A alta de preços indica uma severa restrição na oferta, algo que deve continuar. “O preço das commodities cíclicas, como energia e metais-base, deve subir dada a nossa visão de que o crescimento econômico global vai acelerar significativamente para além da retomada neste terceiro trimestre”, disse o responsável pela análise de commodities do UBS Wealth Management em Hong Kong, Dominic Schnider. “Um retorno ao ritmo normal de crescimento deve ajudar também a demanda e os preços de produtos pecuários.” Na visão dele, haverá expansão de 9,2%, em termos anualizados, do PIB mundial no quarto trimestre ante o terceiro. Ele prevê que os índices mais amplos de commodities subam cerca de 15% nos próximos 12 meses.

INTIMIDAÇÃO Para Fernando Capez, presidente da Fundação Procon de São Paulo, o Ministério da Economia quer restringir a atuação das entidades de defesa do consumidor. (Crédito:Divulgação)

Vai faltar comida? Quem conhece o setor avalia que não, o que deveria representar um alerta contra as tentações de controlar os preços na marra. O CEO no Brasil da gigante de alimentos Cargill, Paulo Sousa, afirmou não acreditar na possibilidade de desabastecimento de produtos agrícolas, principalmente os ligados à cesta básica, como o arroz. Para ele, a inflação dos alimentos é inevitável dada a desvalorização do real. “Se o produto é negociado em dólar, esse aumento de preço vai acontecer com a queda da moeda local. Uma hora a conta chega. Segurar os preços no mercado interno pode desestimular o produtor”, afirmou. “Soluções heterodoxas, como congelamento de preços, não funcionam. A história mostra que isso não gera benefício”, afirmou o executivo durante uma live da DINHEIRO na segunda-feira (14).

A Cargill é uma das líderes no mercado de soja e milho no Brasil. Conhecedor do mercado, Sousa disse acreditar que o óleo de soja tem sofrido igualmente os efeitos da desvalorização da moeda brasileira. “Também é uma commodity global”, disse ele. “Não dá para festejar o sucesso do agronegócio e reclamar do valor do produto, são duas faces da mesma moeda.” Sousa disse entender que a decisão de zerar as tarifas de importação para o arroz foi correta, adotada no dia 9 de setembro. “É uma maneira que não atrapalha a produção e permite regularizar o abastecimento interno.”

Claudio Gatti

“Soluções heterodoxas, como congelamento de preços, não funcionam” Paulo Sousa, CEO da Cargill no Brasil.
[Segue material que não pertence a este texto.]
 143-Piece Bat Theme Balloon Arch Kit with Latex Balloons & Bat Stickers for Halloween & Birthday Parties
MÃO VISÍVEL Variações exageradas e imprevistas de preços são fenômenos naturais de qualquer economia de mercado. Em circunstâncias normais, a entidade que o economista escocês Adam Smith chamou de “mão invisível” — também conhecida como lei da oferta e da procura — resolve o problema com o tempo. Os preços sobem, mais produtores entram no mercado, a oferta aumenta e os valores nas etiquetas retrocedem. “Em alguns momentos, porém, é preciso que a mão invisível do mercado seja substituída pela mão visível das autoridades. Não para controlar preços, mas para evitar abusos econômicos”, disse o presidente da Fundação Procon de São Paulo, Fernando Capez.
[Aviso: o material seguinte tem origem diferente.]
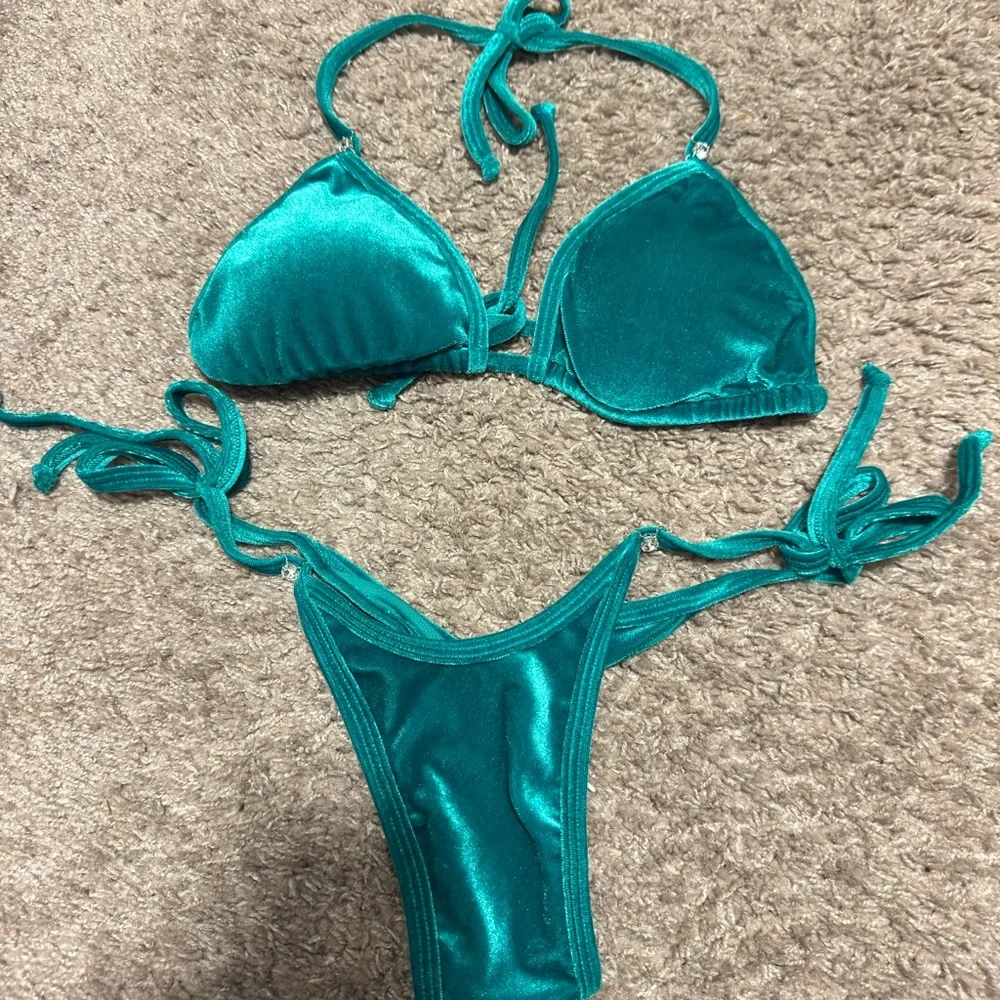 Toxic angelz Teal velvet Triangle String Bikini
Nas últimas semanas, o dia-a-dia de Capez tem sido atribulado. Em circunstâncias normais, o Procon paulista fiscaliza dez empresas de varejo por semana. Em 14 e 15 de setembro, um mutirão da Fundação vistoriou as gôndolas de 117 estabelecimentos comerciais, em busca de abusos na remarcação dos preços. O presidente afirmou que ainda não tem os resultados da vistoria, mas disse que o Procon não será complacente. “A alta de preços tem uma explicação macroeconômica, mas o consumidor não tem nada com isso”, disse. Algo que, em sua avaliação, não está sendo bem visto em Brasília. “A área jurídica do Ministério da Economia tem dito que os Procons em todo do Brasil estão praticando crimes contra a ordem econômica ao fiscalizar o varejo”, afirmou. “Isso é não só um grave equívoco jurídico, como uma tentativa de intimidar os Procons”. Isso, com certeza, não ajuda a aposentada Cidinha a preparar o almoço dos netos sem preocupação.